O Presidente da República ainda fez notar que há grandes diferenças entre uma democracia e uma ditadura no modo de lidar com estas situações. Falou, designadamente, na liberdade de informação. Talvez falte a alguns o registo adequado a perceber quão concreta esta questão é para o nosso país. Mas, para todos os que temos memória histórica, é notável a diferença que faz enfrentar um desafio desta dimensão em democracia e não em ditadura. Basta comparar o respeito pelas pessoas com que esta crise tem sido gerida com o absoluto desrespeito com que o governo da ditadura lidou com as vítimas das grandes cheias de 1967 no nosso país.
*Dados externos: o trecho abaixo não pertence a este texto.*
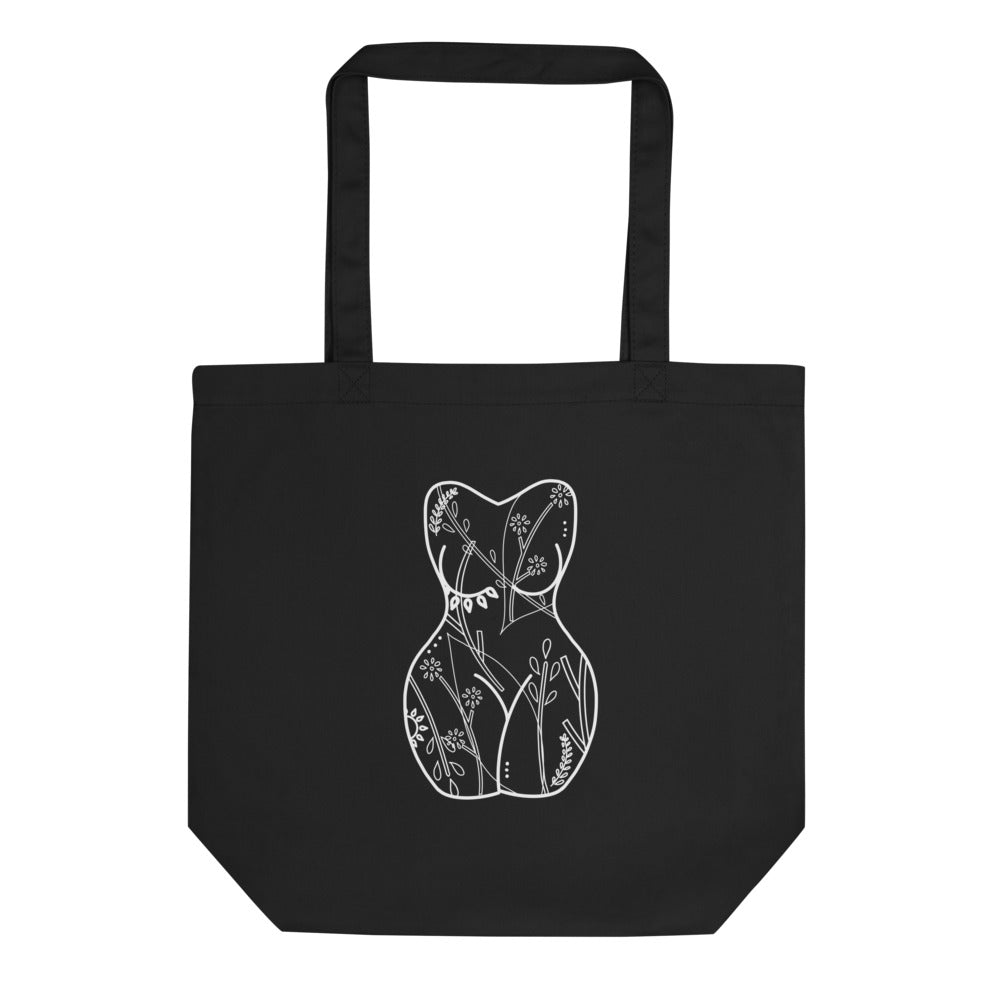 Grow The Skin You're In Eco Tote Bag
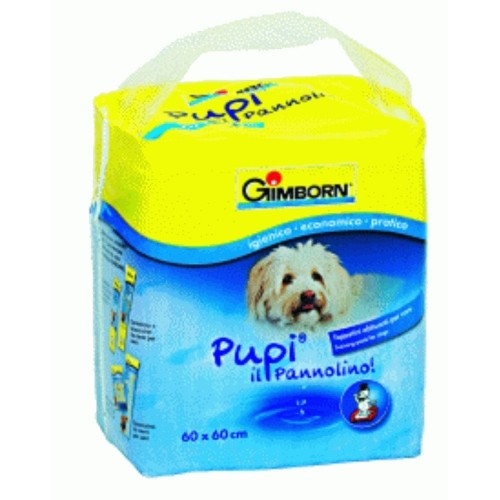 Pannolino Absorbent Pads 60x60 10 Pcs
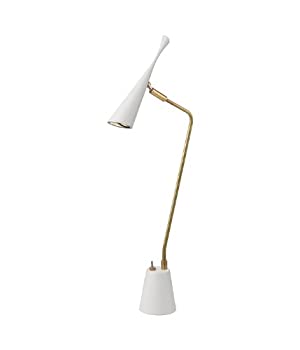 【中古】(未当てはめる･未開封品)ART WORK STUDIO Gossip-LED desk light WH ゴシップデスクライト 白いこと AW-0376E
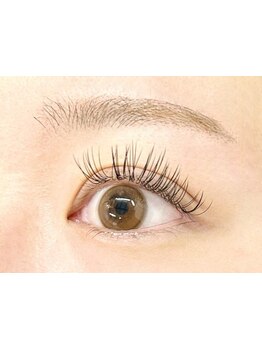 エクステの種類が豊富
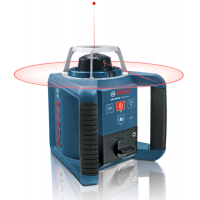 Ротационный лазерный нивелир Bosch GRL 300 HV Set  Professional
A tentativa de usar a censura para esconder a dimensão da tragédia, que pode ter causado 700 mortes, onde 20 mil casas foram danificadas, prejuízos de mais de 17 milhões de euros a preços atuais, uma desgraça que atingiu os mais pobres, embora não tenha tocado os centros de poder. Enquanto os estudantes, do superior e do secundário, se mobilizavam como voluntários para socorrer a população, o governo de então primou pela inoperância e as forças de segurança foram usadas para perseguir os estudantes em vez de apoiarem as populações. (E Marcelo Rebelo de Sousa foi um dos estudantes que se mobilizaram nesse momento.) É usar a memória e olhar para história, e comparar, para entender a diferença que faz enfrentar os momentos difíceis da vida de um povo em ditadura ou em democracia. E, por isso, faz todo o sentido assinalar solenemente o Dia da Liberdade no parlamento, na instituição da pluralidade democrática, precisamente nestes tempos difíceis e dolorosos de pandemia. Porque tudo o que está a ser feito é mais bem feito também por vivermos em democracia, porque a democracia é algo concreto nas nossas vidas e não um ideal abstrato.
(Sugiro duas leituras sobre as cheias de 1967: Cheias de 1967. A tragédia que Salazar quis esconder e Cheias de 1967: A miséria que a natureza esmagou e a ditadura encobriu .)
Quero voltar, aqui, a algo que já escrevi noutro sítio, no princípio desta polémica: não acho que sejam fascistas, ou anti-democratas, todos os que estiveram contra, ou tiveram dúvidas, sobre a cerimónia do 25 de Abril na Assembleia da República. Mas creio, isso sim, que foram empurrados por duas motivações erradas: ou estavam mal informados sobre o formato da cerimónia (que sempre esteve muito longe das 700 pessoas que costumavam estar dentro daquela sala em ano normal) ou estavam a alinhar numa interpretação estreita, demasiado funcionalista, do papel do parlamento numa democracia representativa - longe dos regimes onde o parlamento é decorativo.
Mas Marcelo Rebelo de Sousa explicou tudo isto muito melhor do que eu (como se pode verificar aqui: Discurso do Presidente da República na Sessão Solene Comemorativa do 46.º aniversário do 25 de Abril).